## DIRECTIONS
Pictures in the data should be dropped; transcribe exactly the lines from the one that has "Healeved Ceramic Hydroponic" through the one that has "Link Light Rail to SEATAC map".

## EXTRACTED DATA
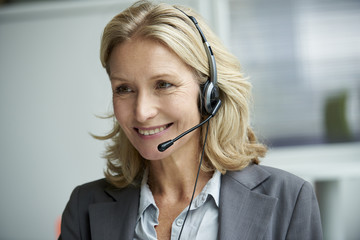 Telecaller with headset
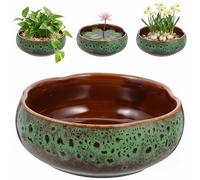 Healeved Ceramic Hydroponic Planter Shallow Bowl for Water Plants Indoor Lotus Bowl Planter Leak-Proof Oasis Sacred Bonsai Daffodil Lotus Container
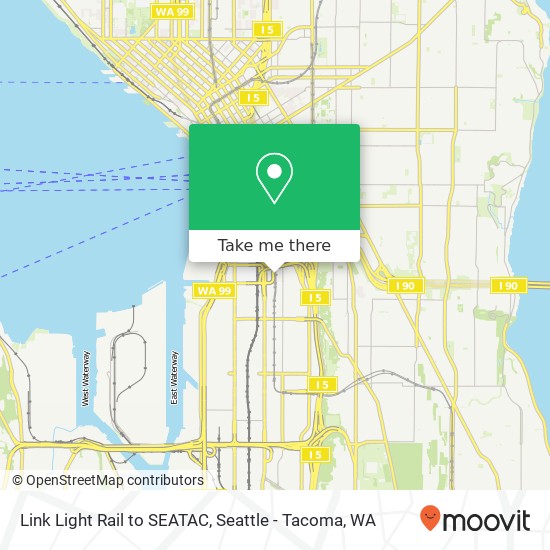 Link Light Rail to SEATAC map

...

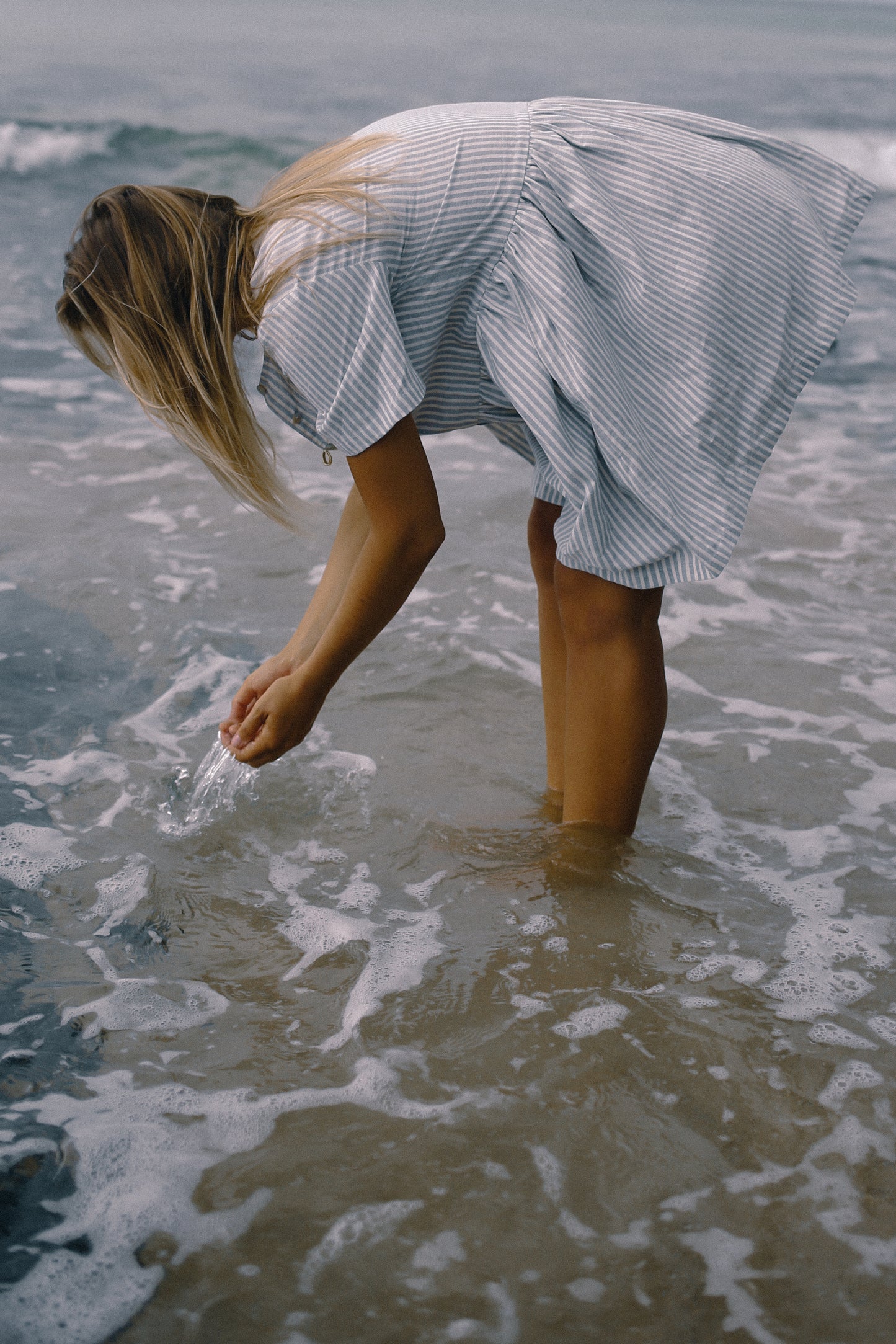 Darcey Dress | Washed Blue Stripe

* * *

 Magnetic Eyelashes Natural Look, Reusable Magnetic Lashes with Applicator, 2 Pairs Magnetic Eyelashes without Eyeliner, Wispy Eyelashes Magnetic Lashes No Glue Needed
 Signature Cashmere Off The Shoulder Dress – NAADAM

## WRITTEN SOLUTION
 Healeved Ceramic Hydroponic Planter Shallow Bowl for Water Plants Indoor Lotus Bowl Planter Leak-Proof Oasis Sacred Bonsai Daffodil Lotus Container
 Link Light Rail to SEATAC map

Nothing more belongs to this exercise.